## EXERCISE DESCRIPTION
Hand back all records exactly, pictures omitted.

#### GIVEN RECORDS

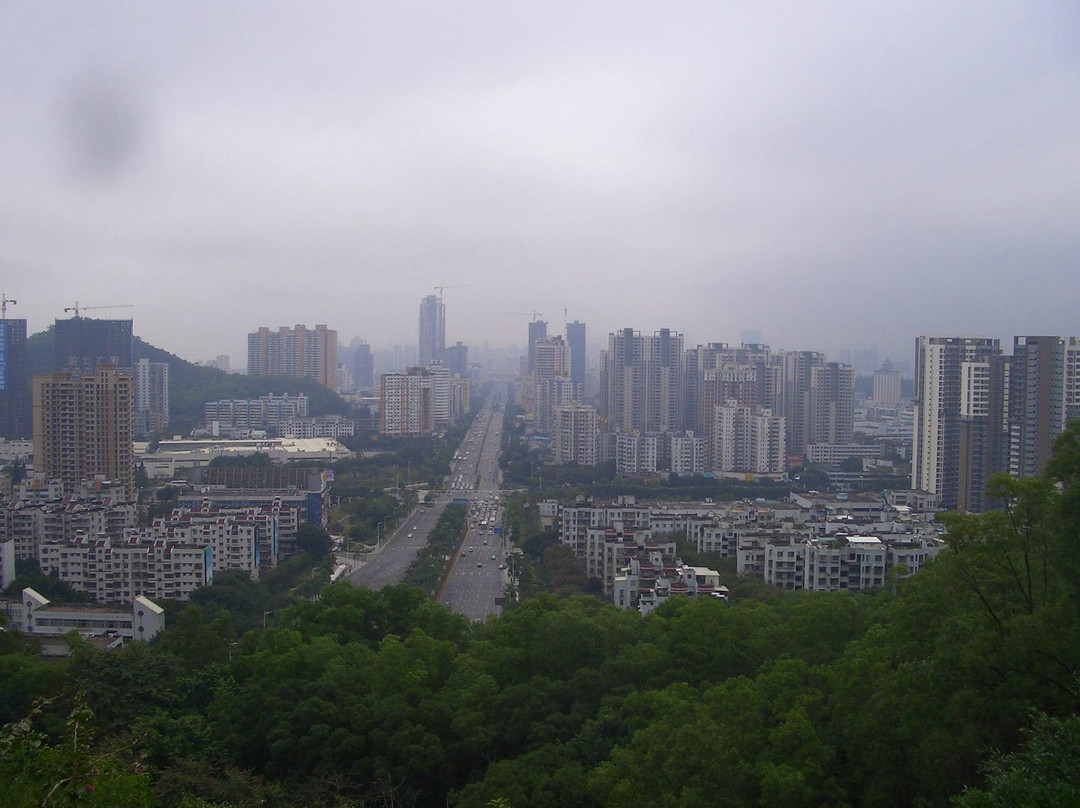 板樟山森林公园-珠海市必去景点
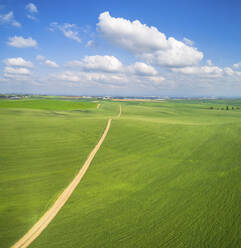 Luftaufnahme einer Straße, die eine grüne Wiese durchquert, Ruhama Badlands, Israel. - AAEF14095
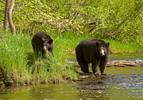Black Bear mother and cub at river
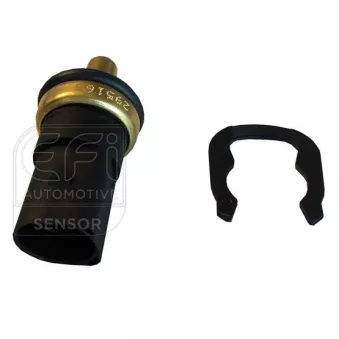 Sonde de température, liquide de refroidissement EFI AUTOMOTIVE 295163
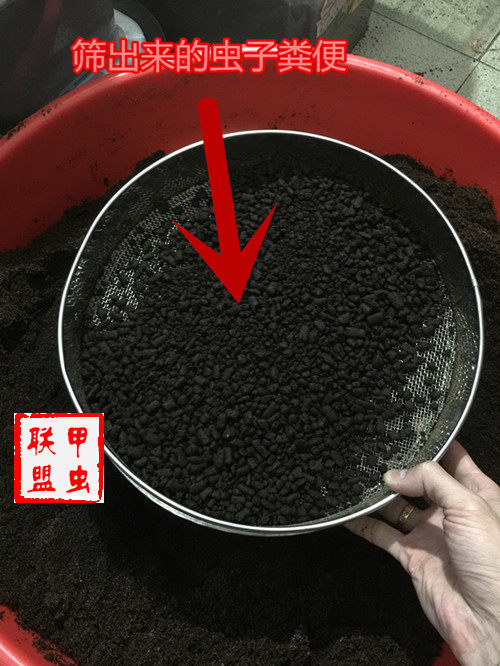 甲虫独角仙锹甲兜虫幼虫筛粪便用具工具 不锈钢网筛  店主自用款,宠物/宠物食品及用品,特色爬宠/鸣虫,淘宝优惠券,粉丝福利购,淘宝优惠卷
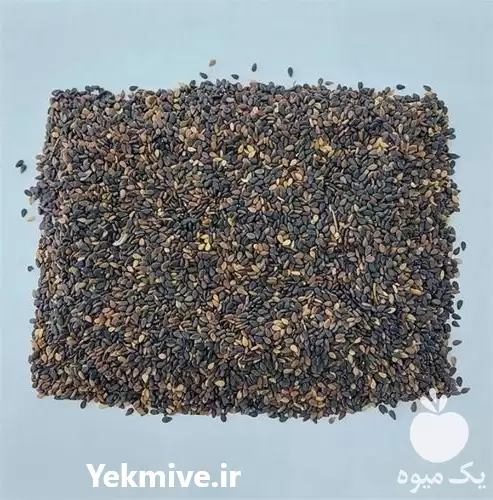 فروش عمده کنجد اعلاء میمنه افغانستان در تهران در گروه خرید و فروش دانه های روغنی در یکمیوه -عکس1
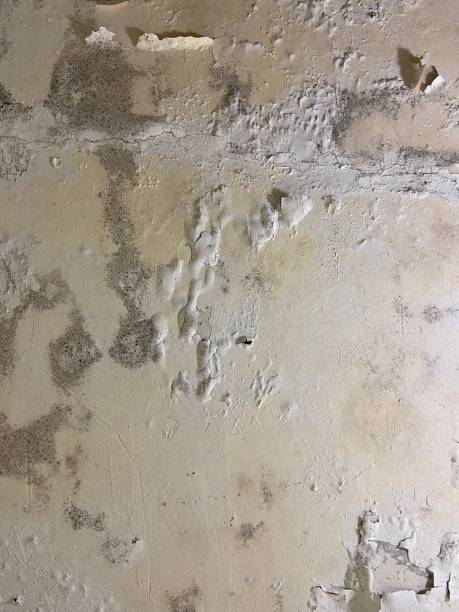 Best Certified Mold Removal  in Burlington, IA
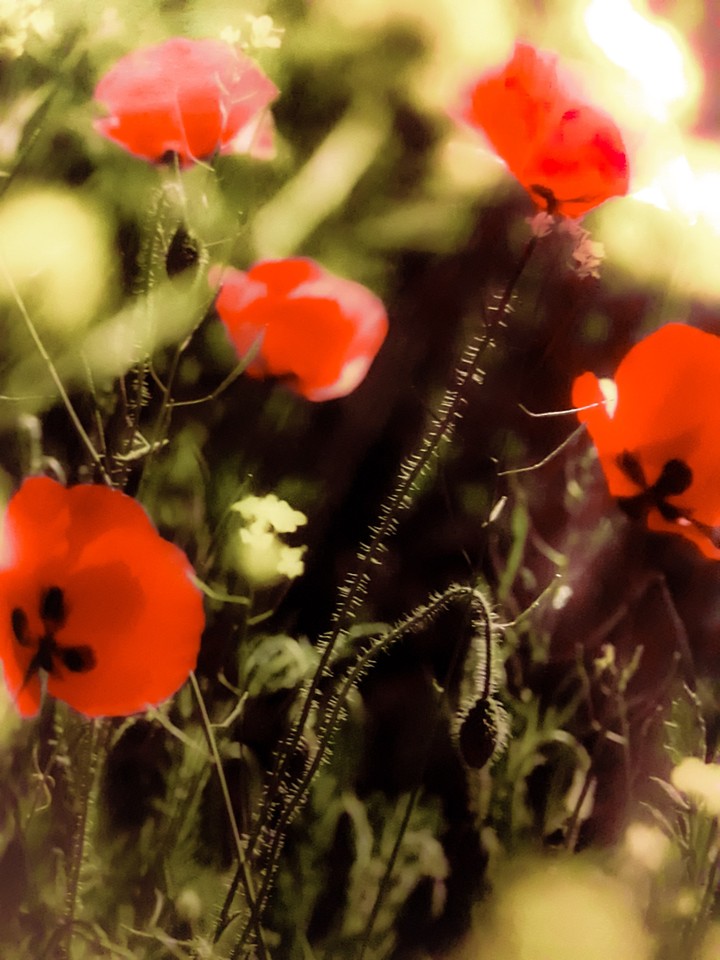 Red Flowers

########

## ANSWER BELOW
 板樟山森林公园-珠海市必去景点
 Luftaufnahme einer Straße, die eine grüne Wiese durchquert, Ruhama Badlands, Israel. - AAEF14095
Black Bear mother and cub at river
 Sonde de température, liquide de refroidissement EFI AUTOMOTIVE 295163
 甲虫独角仙锹甲兜虫幼虫筛粪便用具工具 不锈钢网筛  店主自用款,宠物/宠物食品及用品,特色爬宠/鸣虫,淘宝优惠券,粉丝福利购,淘宝优惠卷
 فروش عمده کنجد اعلاء میمنه افغانستان در تهران در گروه خرید و فروش دانه های روغنی در یکمیوه -عکس1
 Best Certified Mold Removal  in Burlington, IA
 Red Flowers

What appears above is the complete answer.